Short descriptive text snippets
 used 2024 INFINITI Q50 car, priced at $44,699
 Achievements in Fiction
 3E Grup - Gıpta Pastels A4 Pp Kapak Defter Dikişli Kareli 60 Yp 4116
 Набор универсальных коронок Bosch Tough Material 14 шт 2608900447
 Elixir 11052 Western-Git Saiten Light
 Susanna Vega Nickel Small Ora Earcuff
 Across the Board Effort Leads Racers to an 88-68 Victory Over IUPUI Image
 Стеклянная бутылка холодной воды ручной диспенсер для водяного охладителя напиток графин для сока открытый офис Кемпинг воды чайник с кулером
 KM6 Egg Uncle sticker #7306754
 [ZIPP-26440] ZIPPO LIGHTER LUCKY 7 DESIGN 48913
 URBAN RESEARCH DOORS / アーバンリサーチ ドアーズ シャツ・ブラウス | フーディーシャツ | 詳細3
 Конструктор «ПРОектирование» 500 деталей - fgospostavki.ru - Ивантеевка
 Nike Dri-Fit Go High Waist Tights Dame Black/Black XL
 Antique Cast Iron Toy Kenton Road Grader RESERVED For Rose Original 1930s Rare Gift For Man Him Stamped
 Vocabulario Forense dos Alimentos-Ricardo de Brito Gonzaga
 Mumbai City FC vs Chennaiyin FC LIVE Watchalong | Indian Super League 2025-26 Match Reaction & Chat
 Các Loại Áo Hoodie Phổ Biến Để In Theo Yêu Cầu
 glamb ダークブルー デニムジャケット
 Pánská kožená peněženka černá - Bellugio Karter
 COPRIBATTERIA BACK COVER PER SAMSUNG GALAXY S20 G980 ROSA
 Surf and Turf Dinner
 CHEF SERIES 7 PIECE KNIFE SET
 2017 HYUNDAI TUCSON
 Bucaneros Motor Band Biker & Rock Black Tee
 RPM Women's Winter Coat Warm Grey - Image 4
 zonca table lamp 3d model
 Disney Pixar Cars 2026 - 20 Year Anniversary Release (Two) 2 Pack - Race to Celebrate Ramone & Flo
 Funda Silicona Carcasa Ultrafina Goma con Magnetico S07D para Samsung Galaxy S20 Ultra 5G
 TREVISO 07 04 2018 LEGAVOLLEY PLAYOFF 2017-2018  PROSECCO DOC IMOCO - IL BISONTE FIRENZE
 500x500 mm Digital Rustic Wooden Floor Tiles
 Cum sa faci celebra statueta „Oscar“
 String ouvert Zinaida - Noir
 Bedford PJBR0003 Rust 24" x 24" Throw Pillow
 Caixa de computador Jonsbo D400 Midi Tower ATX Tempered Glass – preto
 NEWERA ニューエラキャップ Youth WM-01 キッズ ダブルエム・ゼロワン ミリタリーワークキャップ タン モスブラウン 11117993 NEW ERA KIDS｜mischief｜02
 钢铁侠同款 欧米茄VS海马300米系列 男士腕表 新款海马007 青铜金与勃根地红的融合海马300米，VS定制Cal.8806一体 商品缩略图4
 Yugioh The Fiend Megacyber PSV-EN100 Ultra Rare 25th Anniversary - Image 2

— WHAT IS REQUIRED —
Would it be possible to reproduce all the entries exactly as they appear above?

— REPLY —
 used 2024 INFINITI Q50 car, priced at $44,699
 Achievements in Fiction
 3E Grup - Gıpta Pastels A4 Pp Kapak Defter Dikişli Kareli 60 Yp 4116
 Набор универсальных коронок Bosch Tough Material 14 шт 2608900447
 Elixir 11052 Western-Git Saiten Light
 Susanna Vega Nickel Small Ora Earcuff
 Across the Board Effort Leads Racers to an 88-68 Victory Over IUPUI Image
 Стеклянная бутылка холодной воды ручной диспенсер для водяного охладителя напиток графин для сока открытый офис Кемпинг воды чайник с кулером
 KM6 Egg Uncle sticker #7306754
 [ZIPP-26440] ZIPPO LIGHTER LUCKY 7 DESIGN 48913
 URBAN RESEARCH DOORS / アーバンリサーチ ドアーズ シャツ・ブラウス | フーディーシャツ | 詳細3
 Конструктор «ПРОектирование» 500 деталей - fgospostavki.ru - Ивантеевка
 Nike Dri-Fit Go High Waist Tights Dame Black/Black XL
 Antique Cast Iron Toy Kenton Road Grader RESERVED For Rose Original 1930s Rare Gift For Man Him Stamped
 Vocabulario Forense dos Alimentos-Ricardo de Brito Gonzaga
 Mumbai City FC vs Chennaiyin FC LIVE Watchalong | Indian Super League 2025-26 Match Reaction & Chat
 Các Loại Áo Hoodie Phổ Biến Để In Theo Yêu Cầu
 glamb ダークブルー デニムジャケット
 Pánská kožená peněženka černá - Bellugio Karter
 COPRIBATTERIA BACK COVER PER SAMSUNG GALAXY S20 G980 ROSA
 Surf and Turf Dinner
 CHEF SERIES 7 PIECE KNIFE SET
 2017 HYUNDAI TUCSON
 Bucaneros Motor Band Biker & Rock Black Tee
 RPM Women's Winter Coat Warm Grey - Image 4
 zonca table lamp 3d model
 Disney Pixar Cars 2026 - 20 Year Anniversary Release (Two) 2 Pack - Race to Celebrate Ramone & Flo
 Funda Silicona Carcasa Ultrafina Goma con Magnetico S07D para Samsung Galaxy S20 Ultra 5G
 TREVISO 07 04 2018 LEGAVOLLEY PLAYOFF 2017-2018  PROSECCO DOC IMOCO - IL BISONTE FIRENZE
 500x500 mm Digital Rustic Wooden Floor Tiles
 Cum sa faci celebra statueta „Oscar“
 String ouvert Zinaida - Noir
 Bedford PJBR0003 Rust 24" x 24" Throw Pillow
 Caixa de computador Jonsbo D400 Midi Tower ATX Tempered Glass – preto
 NEWERA ニューエラキャップ Youth WM-01 キッズ ダブルエム・ゼロワン ミリタリーワークキャップ タン モスブラウン 11117993 NEW ERA KIDS｜mischief｜02
 钢铁侠同款 欧米茄VS海马300米系列 男士腕表 新款海马007 青铜金与勃根地红的融合海马300米，VS定制Cal.8806一体 商品缩略图4
 Yugioh The Fiend Megacyber PSV-EN100 Ultra Rare 25th Anniversary - Image 2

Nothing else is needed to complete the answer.